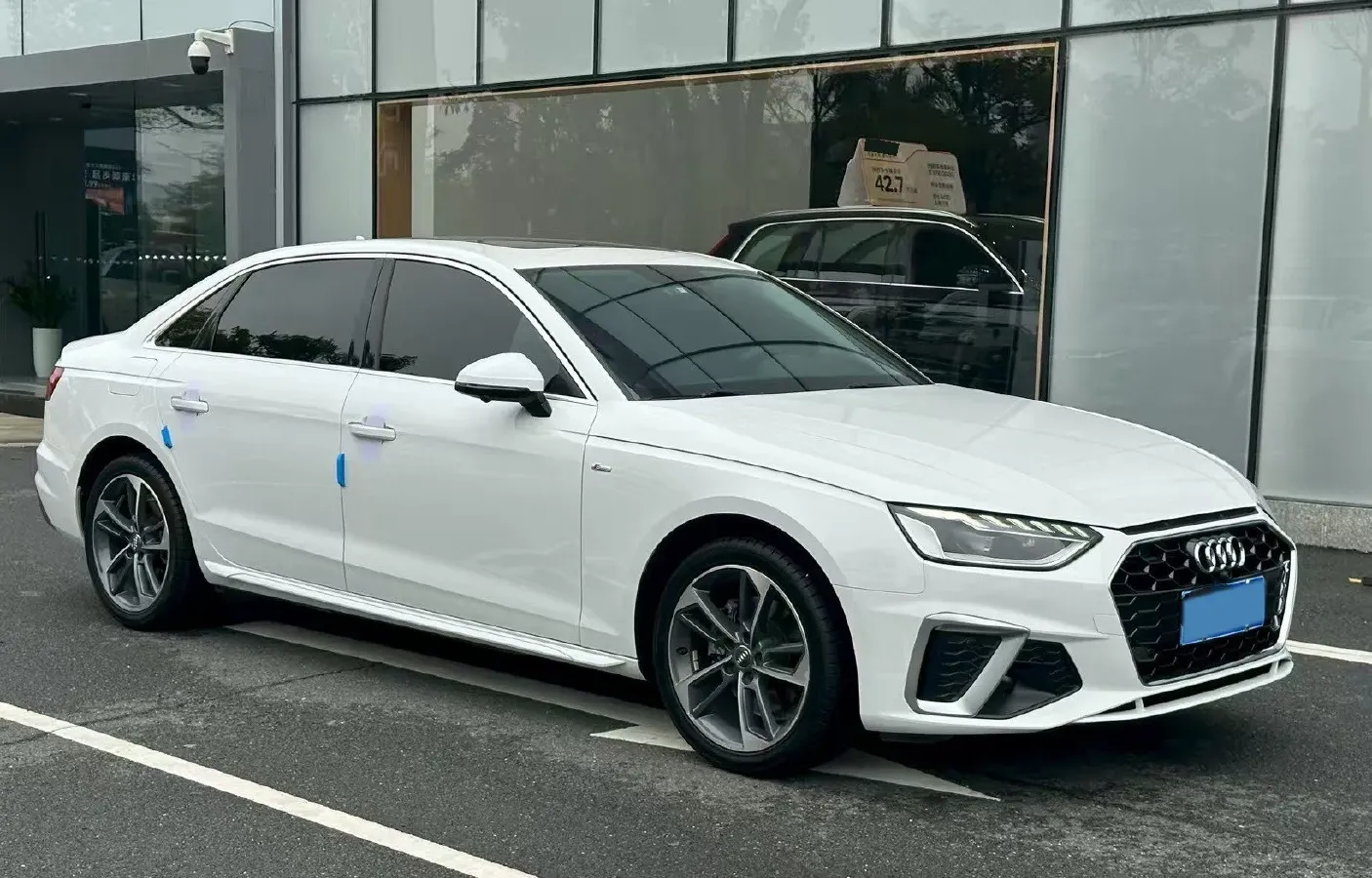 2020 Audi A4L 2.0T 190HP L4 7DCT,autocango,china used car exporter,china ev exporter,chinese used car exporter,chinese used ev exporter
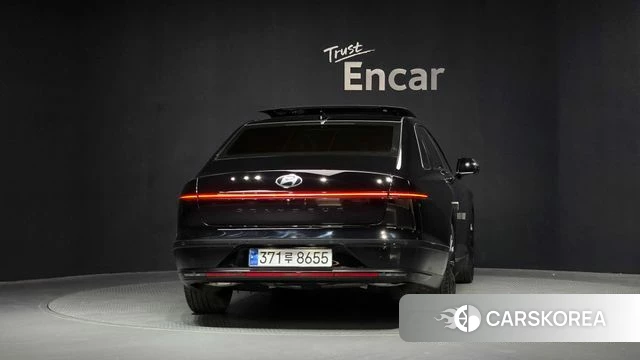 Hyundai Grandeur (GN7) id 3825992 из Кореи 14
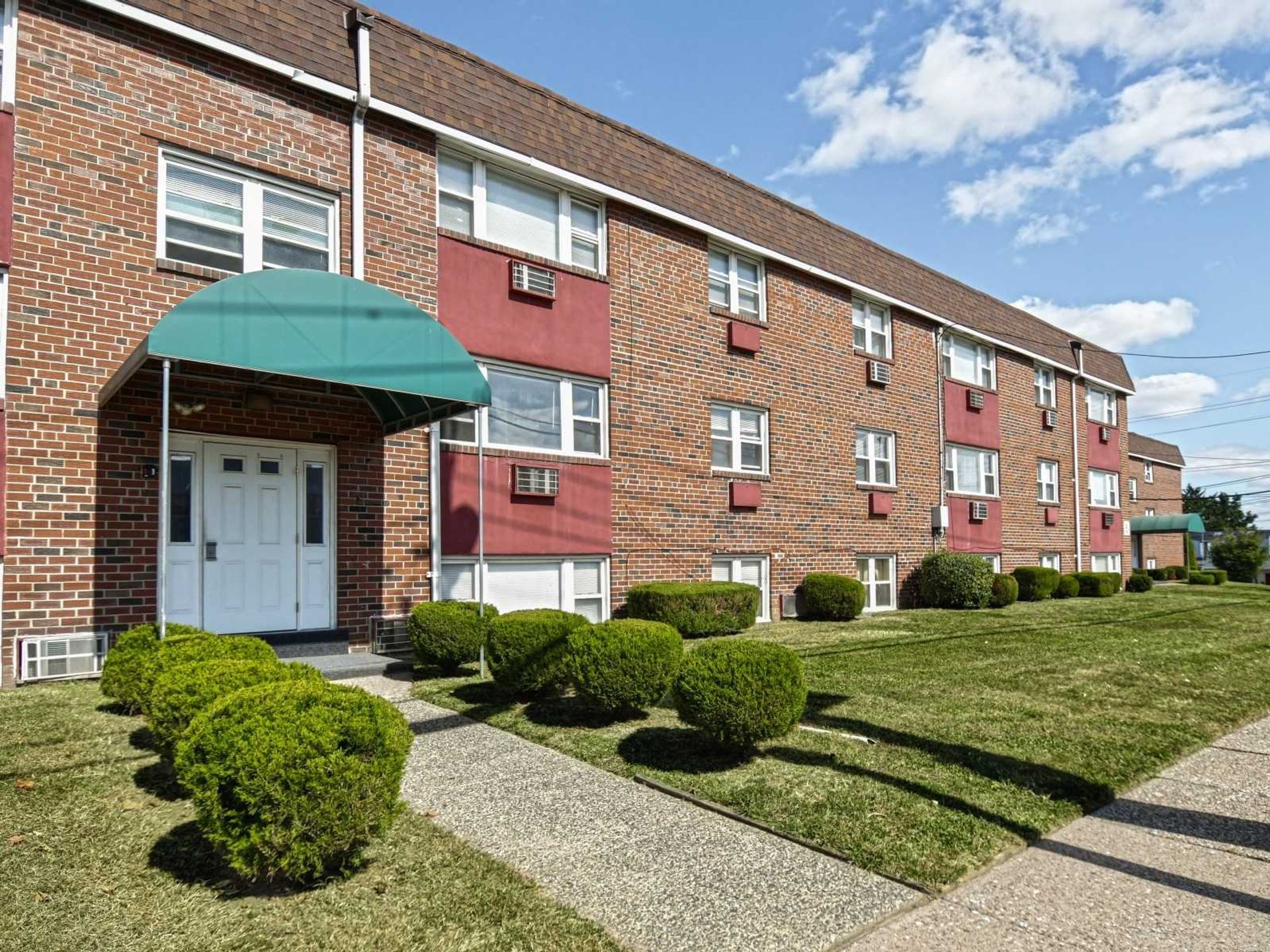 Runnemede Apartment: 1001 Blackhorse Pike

★ ★ ★ ★ ★

### Assignment
Copy the entire listing exactly but skip the pictures.

### Result of this task
 2020 Audi A4L 2.0T 190HP L4 7DCT,autocango,china used car exporter,china ev exporter,chinese used car exporter,chinese used ev exporter
 Hyundai Grandeur (GN7) id 3825992 из Кореи 14
 Runnemede Apartment: 1001 Blackhorse Pike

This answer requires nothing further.